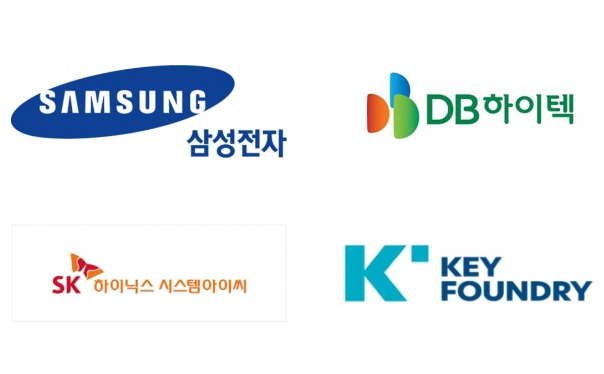 消息称三星电子等晶圆代工厂产能利用率下滑 消息称三星电子等晶圆代工厂产能利用率下滑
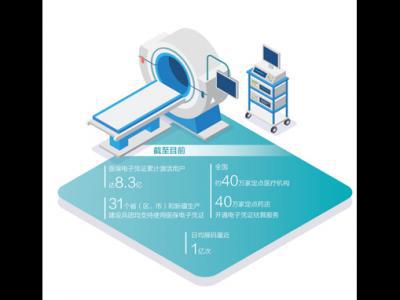 解決“卡嗓子”問題，無刺魚來了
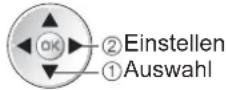 PANASONIC Viera TX-L32GF22 - Toneinstellungen (für Videoinhalte) - 9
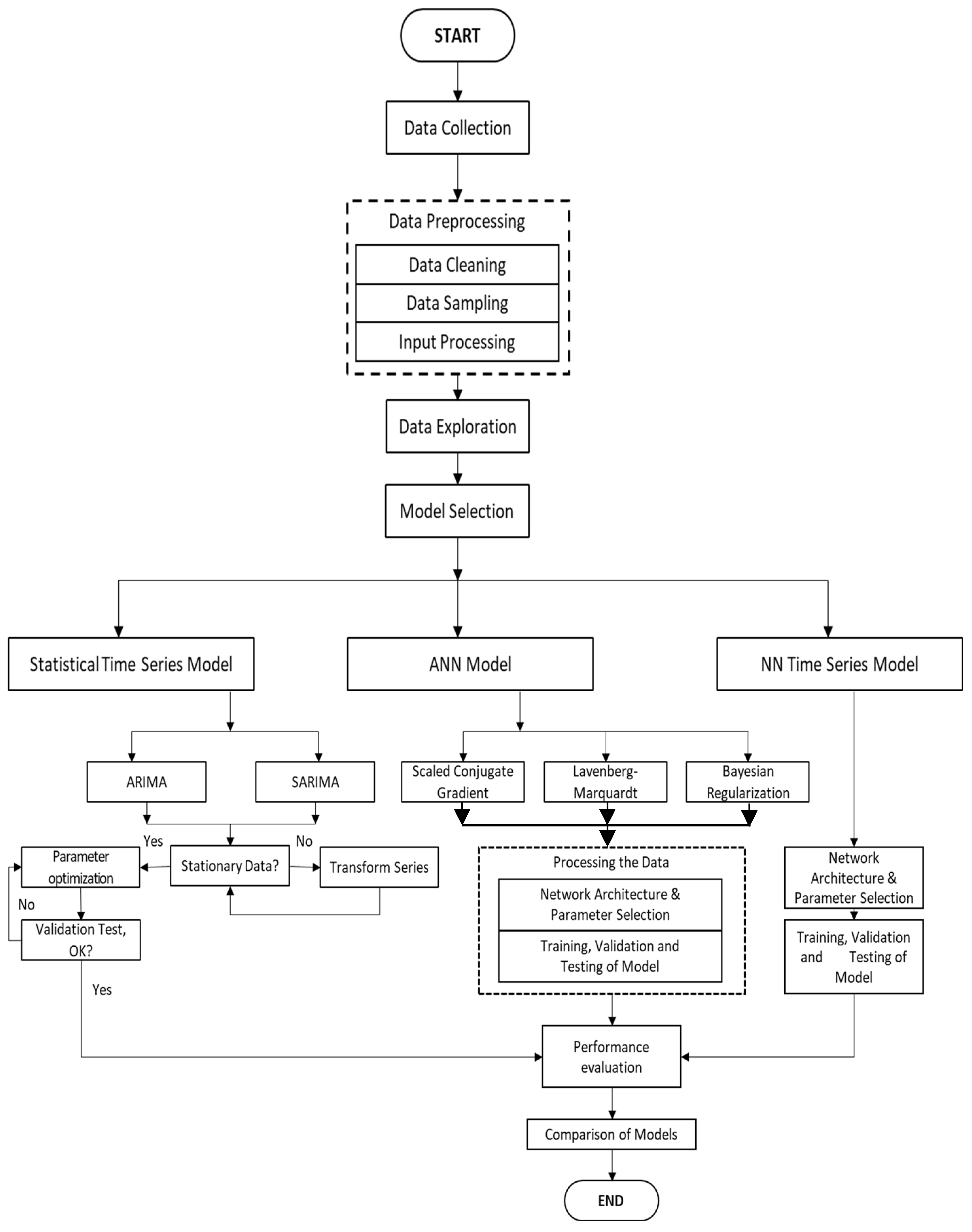 Sustainability 17 10526 g001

:: Task to complete ::
Copy only the lines running from the one that holds "PANASONIC Viera TX-L32GF22" through the last line of the data, and include both of those lines. Do not copy any pictures.

:: Completed exercise ::
 PANASONIC Viera TX-L32GF22 - Toneinstellungen (für Videoinhalte) - 9
 Sustainability 17 10526 g001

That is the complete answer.